Two weeks solo backpacking in Tonga. I knew very little about Tonga when I booked my tickets. All I knew was I wanted to swim with humpback whales, but the tiny island kingdom surprised me with its big heart.
One afternoon, I was on a 24-hour ferry from the capital of Tongatapu to the island of Vava’u when I asked an older man the name of an island we were sailing past. The man, whom I had earlier spotted with his wife and granddaughter, wasn’t friendly and quickly walked away. About 30mins later, he returned and invited me to stay his family at their village in Vava’u! He explained that he was acting weird because he wanted to first ask his wife if it was appropriate to offer me their home, as he was concerned about my safety. They even insisted I take their bedroom while they slept in the living room.
John and Taita became my parents for a week. I followed them to work and church, where the pastor prepared a special sermon in English just for me. We spent so much time cooking, exploring, learning about each other’s culture. These memories from Tonga lives in a very special corner in my heart.
How big a role does travel play in your life?
I’ve grown very dependent on travel as a form of escape, education, and empowerment. If I didn’t travel, I’d still be that frog under the coconut shell who isn’t aware of what she is capable of achieving.
The Power of Travel
For Women & Personal Growth
As a female traveller, did you face any barriers or naysayers when you first wanted to travel independently/lots? How did you overcome them?
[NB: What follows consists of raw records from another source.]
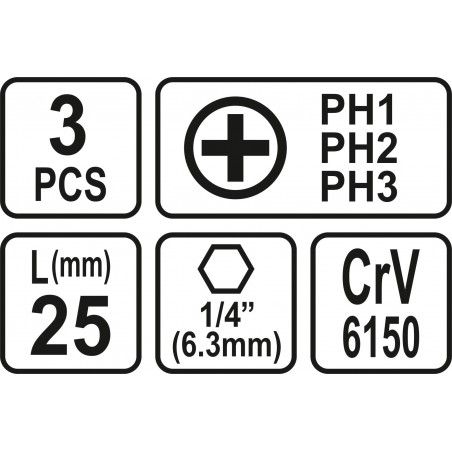 65461 STHOR Set 3 biti phillips PH1, PH2, PH3, hexagonala 1/4", 25 mm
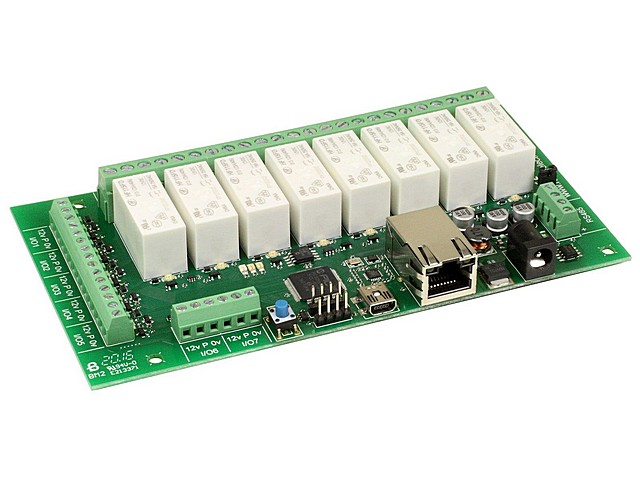 CONTROLADOR ETHERNET 8 RELÉS 16A dS378. Clic para ampliar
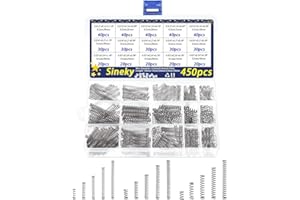 Sineky 450pcs Compression Springs Assortment Kit, Small Spring Set for DIY Repair Project, 15 Different Sizes Stainless Steel Compressed Spring Kit 10-30mm (0.39"-1.18") Length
The most difficult barrier I faced was my own family. When I first announced my plans to backpack solo around 10 years ago, their responses were: 1) Do you have depression? 2) You should see a psychiatrist. I was heartbroken, and angry at how unfair it was that my parents would’ve let my brothers backpack solo, but not me.
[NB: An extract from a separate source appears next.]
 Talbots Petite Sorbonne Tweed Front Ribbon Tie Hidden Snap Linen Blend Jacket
So I did what every disobedient Asian daughter would do – I lied to my parents about travelling with some friends for a month in Egypt and Jordan. I only admitted that it was a solo trip, AFTER I arrived in Egypt! (Disclaimer: Please do not try this at home) From that trip onwards until day, it is a continuous learning process for both my parents and I – Me learning to assure them; they learning to trust my ability to take care of myself. Once mum and dad saw how important solo travelling was to me, they cautiously gave me their blessing. It was all I needed to overcome other people’s unsolicited advice.
Would you say that travelling has had a strong impact in making you who you are today? Meaning, if we took away all your travel experiences, if you had never travelled, would you be a different person?
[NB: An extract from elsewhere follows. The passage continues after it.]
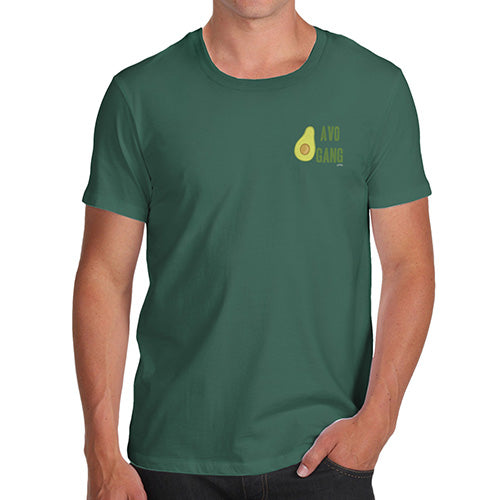 Funny Tee Shirts For Men Avo Gang Small Print Men's T-Shirt X-Large Bottle Green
Of course, I am the combination of all my experiences. Travelling has been inspirational but also painful – I have been robbed, followed, cheated, sexually harassed… The happy parts of travel is why I am confident and foolhardy; the difficult parts is why I am resilient and pensive.
What is a great lesson that’s come out travelling for you personally?
I grew up being dependent on the men in my life to take care of me and keep me safe. But what I have discovered from travelling solo is that I have a secret superpower – I can take care of myself. It was a new strength that I took home with me and used it to look after myself at work and at home. It was also an independence that allowed me to make things happen for myself without having to wait for someone else. I think that is pretty powerful and I want to inspire other Asian women to find that realisation too. Being able to help them with that through the stories on my travel blog Meimeichu.com is very meaningful.
Have you ever encountered a difficult situation that tested your strength, and taught you something new about yourself?
Two years ago, I had travel burnout and wanted to stop travelling. I had excitedly brought my family, including grandpa and grandma, on a trip to China in search of my late great-grandfather’s village. I wanted it to be a fun family adventure, but the entire trip was filled with drama and mishaps. Having to care for dependent family members with Alzheimer’s, autism, and physical limitations from the old age, while worrying whether everyone was having a good time, was insanely stressful.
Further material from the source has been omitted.